Give the records again. Keep them exact and leave out the images.
** Exercise inputs follows **
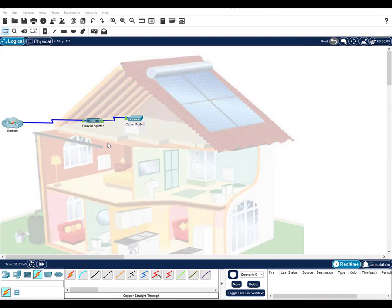Home networks usually connect to the internet through an internet service provider, such as the cable provider shown here. Let's add some smart devices to this network to illustrate some of the configuration steps necessary to set them up in the home.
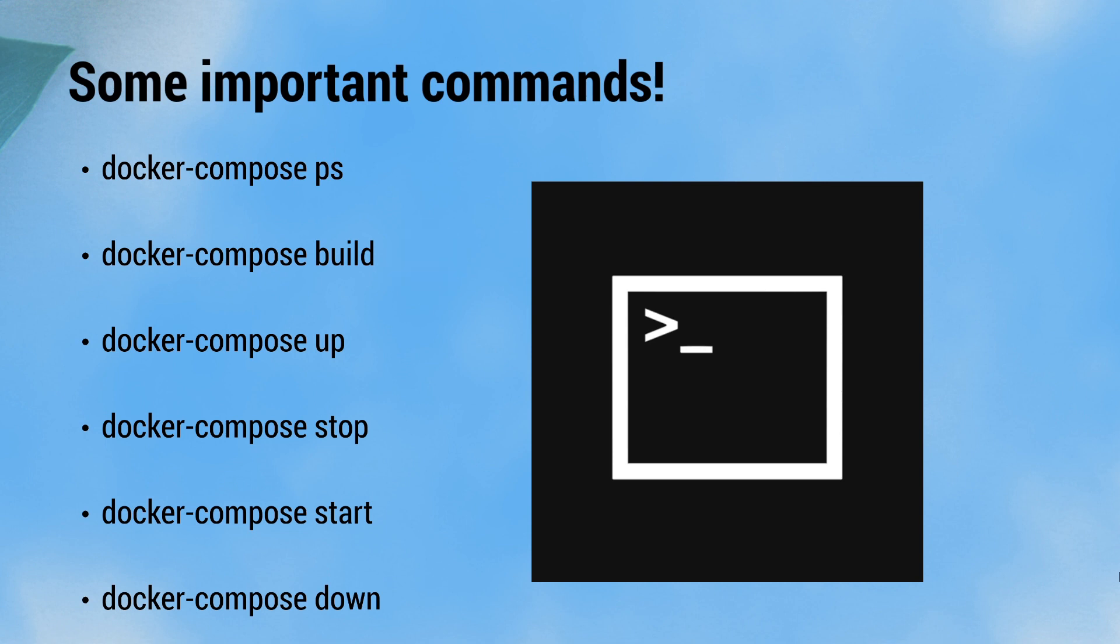docker-compose up brings up the network from the services to run it. docker-compose stop stops the network and saves the state of all the services.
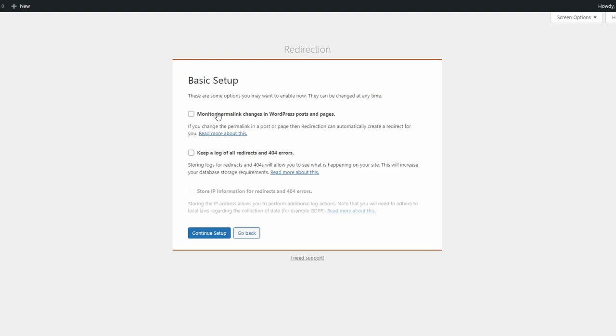I recommend ticking the first two boxes. Monitor permalink changes in posts and pages. And keep a log of all redirects and 404 errors. Storing the IP is not needed for most users and is probably not worth the hassle.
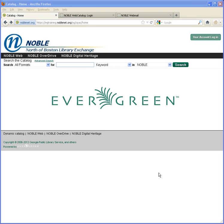Your library, which is part of the Noble Network, recently changed to a new library software system called Evergreen. This system has some nice enhanced features for searching online for library materials as well as for managing your library account.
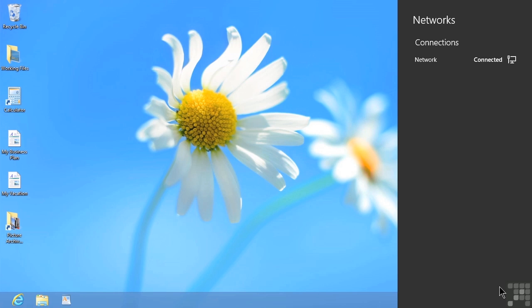The computer that I'm on does not have wireless networking capabilities, so I wanted to show you this one first. I can tell because it simply says we are connected to a network, but it doesn't say anything else about Wi-Fi and some other options that I want to show you next.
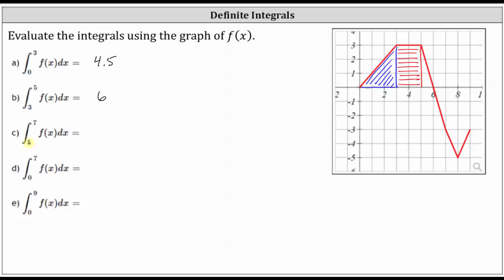Next, we have the definite integral from five to seven of f of x with respect to x. Notice over the closed interval from five to seven, some area is above the x-axis and some is below. Let's shade the area bounded by the function and the x-axis over this closed interval. Over the interval from five to seven, we have a right triangle where the area is above the x-axis, and then over the closed interval from six to seven, we have area that's below the x-axis. The area above and below the x-axis over the closed interval from five to seven is the same, and therefore the definite integral is going to be equal to zero.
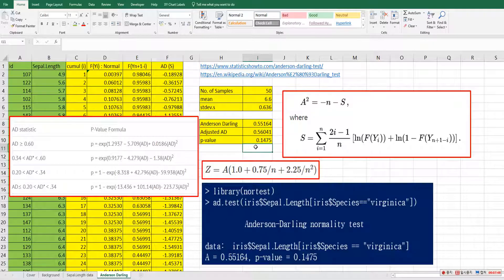The null hypothesis for the Anderson-Darling test is that the data follows a normal distribution. So we can say that the sepal lengths for the virginica species follow a normal distribution. This is how we interpret this result. I hope it was useful for you to understand the Anderson-Darling test for normality. Please click like and subscribe if you want to see more useful video clips in the future. Thank you.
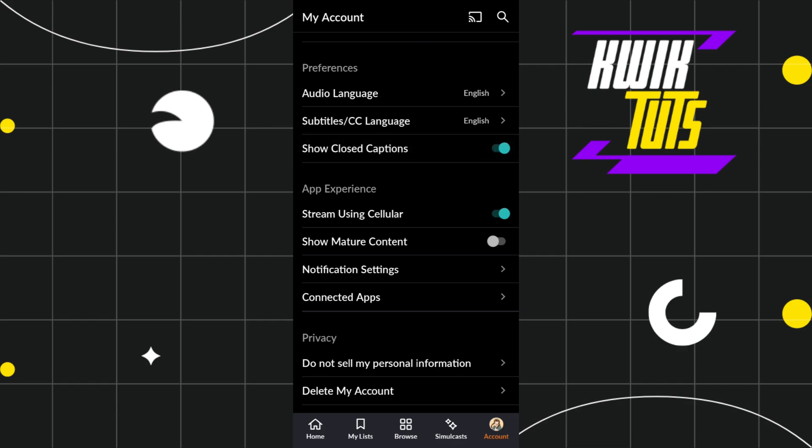By doing so, in the settings of your anime you're going to see the subtitles option, and there you're going to see the preferred languages as well.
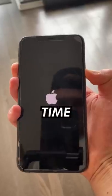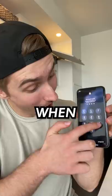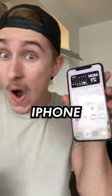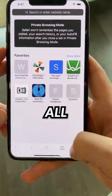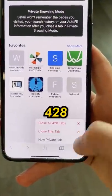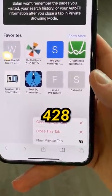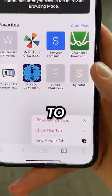Now it was time for the moment of truth. When I restarted my iPhone and opened Safari, I found it took all of the apps and 428 tabs to crash it.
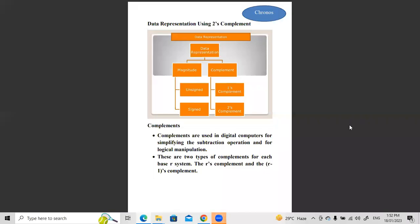Hi guys, welcome to Kronos. My name is Bala. I am going to do data representation using 2's complement.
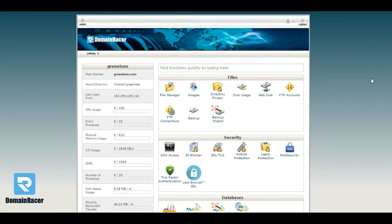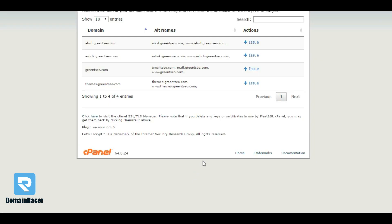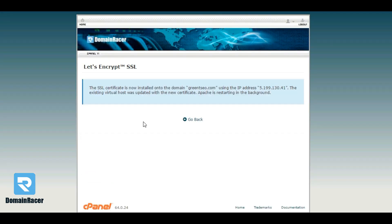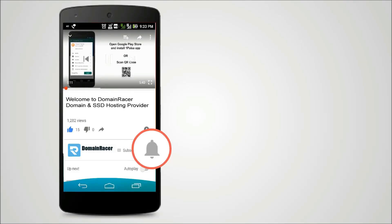To install an SSL certificate, go into cPanel, then Security, and click on Let's Encrypt SSL. Choose your desired domain and click on Issue. Click Issue again, and the SSL certificate is now installed successfully.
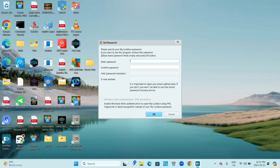It says set password. Please select your My Lockbox password. If you want to use this program without a password, leave the password fields empty and press OK. Choose a password, enter it in the 'enter password' and 'confirm password' fields. Choose a hint and enter your email address, then click OK — it's important to input your email so you can use the free online password recovery service. You can also enable Windows Hello authentication to open My Lockbox using a PIN, fingerprint, or facial recognition. I'm just going to stick with a password, but you can enable those if you want.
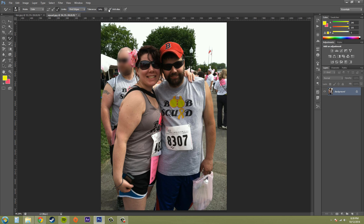We've got Tolerance here — this is the color range. If you've been watching the tutorials you should know tolerance by now, but basically it's the amount of color you're allowing the color replacement tool to paint over. Anti-alias, when checked, gives you nice smooth lines.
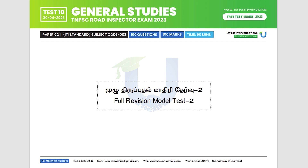We have successfully completed test number 1 and test number 9. Now we have the final test, test number 10. This is a full model test. Test number 1, test number 8, test number 9, test number 10 — full model test 2.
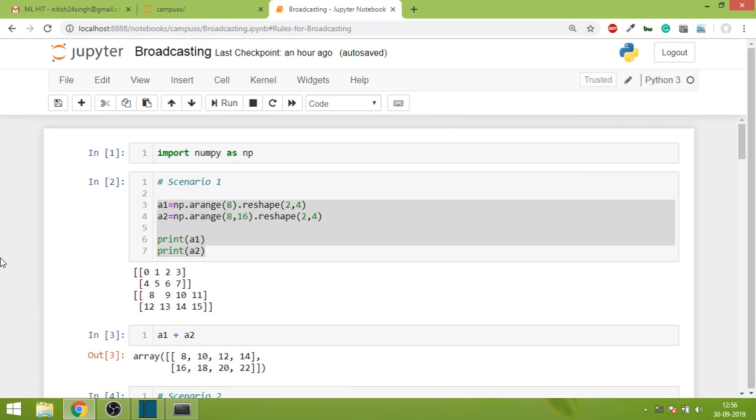So in this video of NumPy series we are going to learn about a concept called broadcasting. Before even starting I'll show you some scenarios and then I'll ask you what will be the output when you run the program.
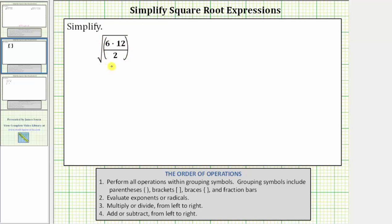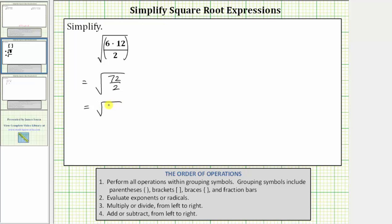Let's include parentheses here to make it clear that the first step is to simplify this fraction. There are a couple of ways we can go about simplifying this fraction — we will show both ways. One way would be to find the product in the numerator first: six times 12 equals 72, giving us the square root of 72 halves. Because a fraction bar means division, and 72 divided by two equals 36, this simplifies to the square root of 36.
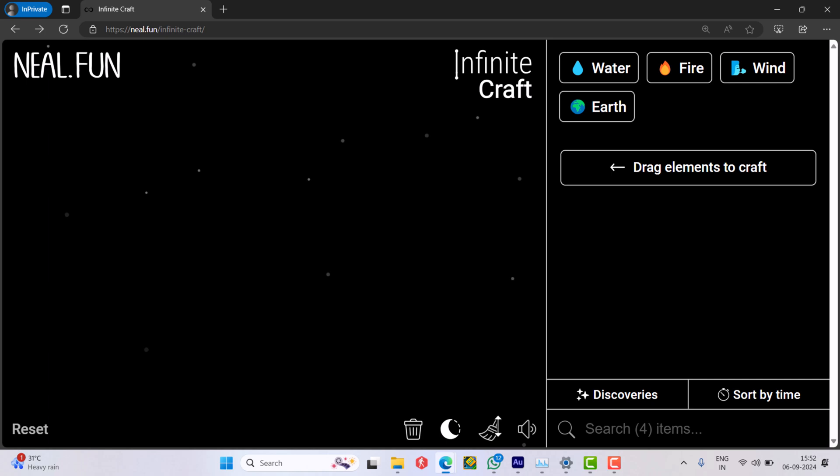Hello everyone, welcome to Geekermag. In today's video, I'm going to show you how to make Windows 11 on Infinite Craft.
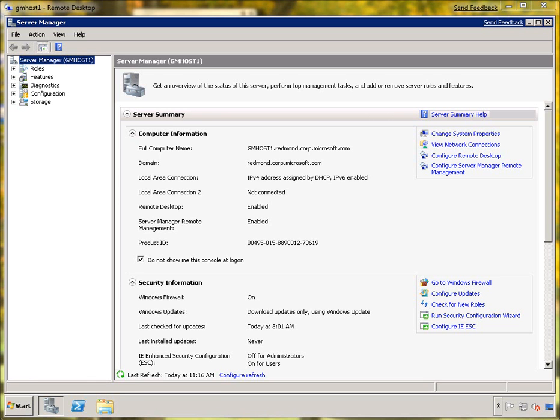Welcome to part two of Live Migration on a Dime. In this part, we're going to set up Hyper-V role on 2008 R2.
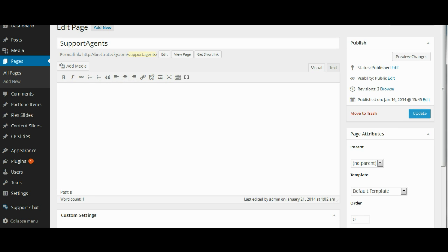So now that I have the support agents page created, all I have to do is add the support agents short code in and that will automatically pull in the agent login area and access so that the agents can log in and chat with customers. So I will just paste in the short code and I will update the page.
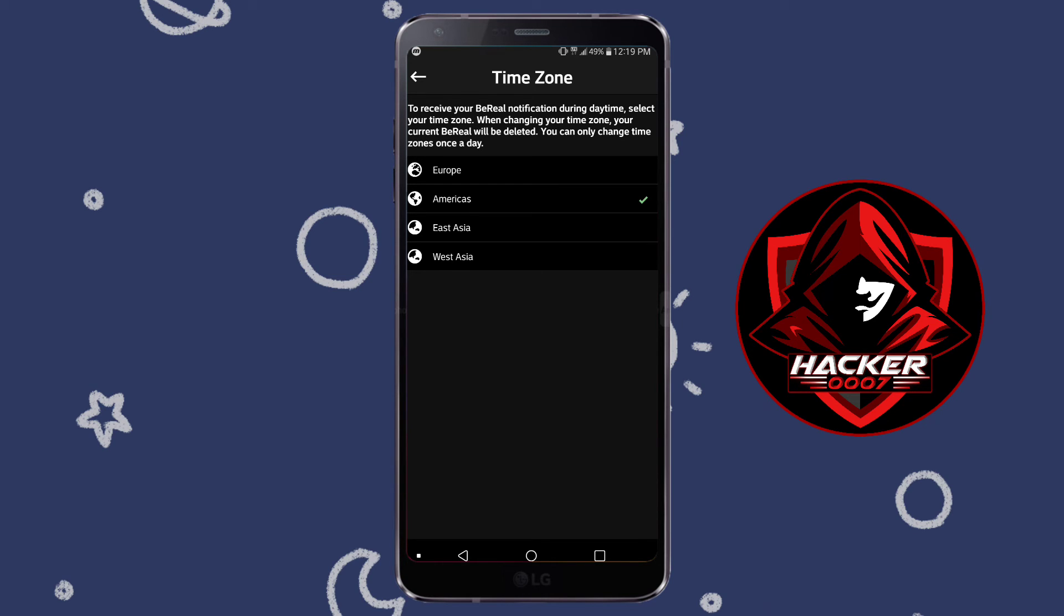So that is basically it. I won't change my time zone because I don't want my BeReal to be deleted, but that is basically how you'd go about changing your time zone and be aware that you can only change it once per day.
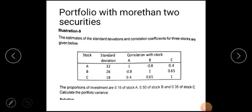Good morning all. Welcome to another session of fundamentals of investment. We will discuss what is portfolio analysis.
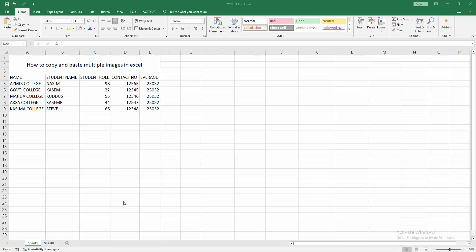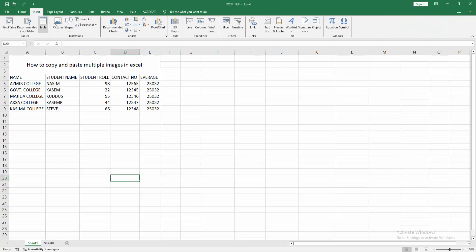At first, you have to open your Excel spreadsheet. Then go to the Insert menu. Select Picture option. Then choose this device.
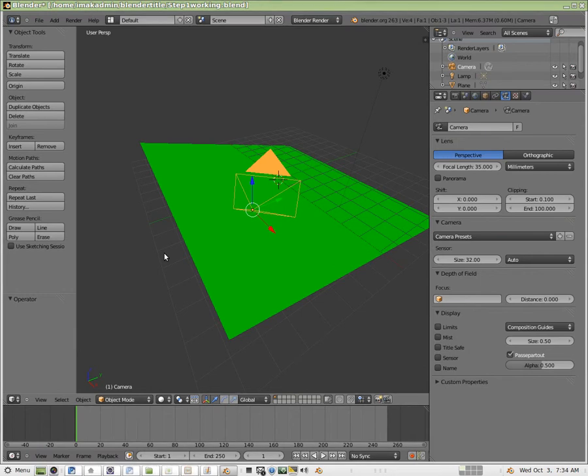All right, so here we are, step two. You should have a project that looks like this. We've got a green plane that's been tilted upwards a little bit. In this tutorial, we're just going to move the camera. Real simple.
** End of Exercise inputs **
• **Worked solution**
Home networks usually connect to the internet through an internet service provider, such as the cable provider shown here. Let's add some smart devices to this network to illustrate some of the configuration steps necessary to set them up in the home.
docker-compose up brings up the network from the services to run it. docker-compose stop stops the network and saves the state of all the services.
I recommend ticking the first two boxes. Monitor permalink changes in posts and pages. And keep a log of all redirects and 404 errors. Storing the IP is not needed for most users and is probably not worth the hassle.
Your library, which is part of the Noble Network, recently changed to a new library software system called Evergreen. This system has some nice enhanced features for searching online for library materials as well as for managing your library account.
The computer that I'm on does not have wireless networking capabilities, so I wanted to show you this one first. I can tell because it simply says we are connected to a network, but it doesn't say anything else about Wi-Fi and some other options that I want to show you next.
Next, we have the definite integral from five to seven of f of x with respect to x. Notice over the closed interval from five to seven, some area is above the x-axis and some is below. Let's shade the area bounded by the function and the x-axis over this closed interval. Over the interval from five to seven, we have a right triangle where the area is above the x-axis, and then over the closed interval from six to seven, we have area that's below the x-axis. The area above and below the x-axis over the closed interval from five to seven is the same, and therefore the definite integral is going to be equal to zero.
The null hypothesis for the Anderson-Darling test is that the data follows a normal distribution. So we can say that the sepal lengths for the virginica species follow a normal distribution. This is how we interpret this result. I hope it was useful for you to understand the Anderson-Darling test for normality. Please click like and subscribe if you want to see more useful video clips in the future. Thank you.
By doing so, in the settings of your anime you're going to see the subtitles option, and there you're going to see the preferred languages as well.
Now it was time for the moment of truth. When I restarted my iPhone and opened Safari, I found it took all of the apps and 428 tabs to crash it.
Hi guys, welcome to Kronos. My name is Bala. I am going to do data representation using 2's complement.
To install an SSL certificate, go into cPanel, then Security, and click on Let's Encrypt SSL. Choose your desired domain and click on Issue. Click Issue again, and the SSL certificate is now installed successfully.
It says set password. Please select your My Lockbox password. If you want to use this program without a password, leave the password fields empty and press OK. Choose a password, enter it in the 'enter password' and 'confirm password' fields. Choose a hint and enter your email address, then click OK — it's important to input your email so you can use the free online password recovery service. You can also enable Windows Hello authentication to open My Lockbox using a PIN, fingerprint, or facial recognition. I'm just going to stick with a password, but you can enable those if you want.
We've got Tolerance here — this is the color range. If you've been watching the tutorials you should know tolerance by now, but basically it's the amount of color you're allowing the color replacement tool to paint over. Anti-alias, when checked, gives you nice smooth lines.
We have successfully completed test number 1 and test number 9. Now we have the final test, test number 10. This is a full model test. Test number 1, test number 8, test number 9, test number 10 — full model test 2.
So in this video of NumPy series we are going to learn about a concept called broadcasting. Before even starting I'll show you some scenarios and then I'll ask you what will be the output when you run the program.
Let's include parentheses here to make it clear that the first step is to simplify this fraction. There are a couple of ways we can go about simplifying this fraction — we will show both ways. One way would be to find the product in the numerator first: six times 12 equals 72, giving us the square root of 72 halves. Because a fraction bar means division, and 72 divided by two equals 36, this simplifies to the square root of 36.
Hello everyone, welcome to Geekermag. In today's video, I'm going to show you how to make Windows 11 on Infinite Craft.
Welcome to part two of Live Migration on a Dime. In this part, we're going to set up Hyper-V role on 2008 R2.
So now that I have the support agents page created, all I have to do is add the support agents short code in and that will automatically pull in the agent login area and access so that the agents can log in and chat with customers. So I will just paste in the short code and I will update the page.
So that is basically it. I won't change my time zone because I don't want my BeReal to be deleted, but that is basically how you'd go about changing your time zone and be aware that you can only change it once per day.
Good morning all. Welcome to another session of fundamentals of investment. We will discuss what is portfolio analysis.
At first, you have to open your Excel spreadsheet. Then go to the Insert menu. Select Picture option. Then choose this device.
All right, so here we are, step two. You should have a project that looks like this. We've got a green plane that's been tilted upwards a little bit. In this tutorial, we're just going to move the camera. Real simple.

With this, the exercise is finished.